• **Given data**
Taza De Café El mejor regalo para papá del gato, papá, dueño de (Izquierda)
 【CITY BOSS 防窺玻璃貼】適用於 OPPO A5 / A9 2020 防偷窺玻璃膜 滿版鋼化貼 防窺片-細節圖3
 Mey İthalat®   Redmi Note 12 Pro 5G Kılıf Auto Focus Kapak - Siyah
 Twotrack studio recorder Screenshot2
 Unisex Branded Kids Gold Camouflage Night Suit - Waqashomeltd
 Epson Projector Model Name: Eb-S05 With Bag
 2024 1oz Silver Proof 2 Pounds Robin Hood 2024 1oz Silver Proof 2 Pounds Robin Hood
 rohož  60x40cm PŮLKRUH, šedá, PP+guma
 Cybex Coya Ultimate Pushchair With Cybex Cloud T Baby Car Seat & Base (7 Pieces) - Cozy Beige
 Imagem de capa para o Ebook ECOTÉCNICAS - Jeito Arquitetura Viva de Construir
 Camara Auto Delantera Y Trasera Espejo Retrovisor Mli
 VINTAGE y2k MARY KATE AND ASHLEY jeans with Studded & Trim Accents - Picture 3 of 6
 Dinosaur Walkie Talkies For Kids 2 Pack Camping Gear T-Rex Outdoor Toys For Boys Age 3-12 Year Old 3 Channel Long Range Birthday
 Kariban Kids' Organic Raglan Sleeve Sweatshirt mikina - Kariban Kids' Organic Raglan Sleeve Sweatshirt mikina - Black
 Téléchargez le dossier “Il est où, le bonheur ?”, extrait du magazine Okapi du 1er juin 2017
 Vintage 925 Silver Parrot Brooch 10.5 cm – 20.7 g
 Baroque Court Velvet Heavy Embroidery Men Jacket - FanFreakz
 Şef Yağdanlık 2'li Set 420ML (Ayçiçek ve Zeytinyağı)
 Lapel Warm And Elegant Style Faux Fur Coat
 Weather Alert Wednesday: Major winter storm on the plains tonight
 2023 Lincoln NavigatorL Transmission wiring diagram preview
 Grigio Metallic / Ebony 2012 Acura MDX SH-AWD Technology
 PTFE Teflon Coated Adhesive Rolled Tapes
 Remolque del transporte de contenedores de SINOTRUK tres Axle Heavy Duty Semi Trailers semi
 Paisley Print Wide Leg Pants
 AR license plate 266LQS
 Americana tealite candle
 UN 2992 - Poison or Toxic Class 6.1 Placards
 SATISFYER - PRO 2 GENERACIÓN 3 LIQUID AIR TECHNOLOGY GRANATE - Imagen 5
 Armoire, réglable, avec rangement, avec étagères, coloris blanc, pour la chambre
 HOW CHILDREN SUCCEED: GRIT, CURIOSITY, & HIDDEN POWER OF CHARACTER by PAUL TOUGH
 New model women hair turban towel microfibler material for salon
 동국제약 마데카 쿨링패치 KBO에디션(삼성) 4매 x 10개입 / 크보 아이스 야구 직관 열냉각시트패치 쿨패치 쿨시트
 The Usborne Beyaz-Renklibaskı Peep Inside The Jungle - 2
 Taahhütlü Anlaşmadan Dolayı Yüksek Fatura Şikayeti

• **What is required**
From the listing, copy every line where the string "Auto" appears.

• **Problem solution**
 Mey İthalat®   Redmi Note 12 Pro 5G Kılıf Auto Focus Kapak - Siyah
 Camara Auto Delantera Y Trasera Espejo Retrovisor Mli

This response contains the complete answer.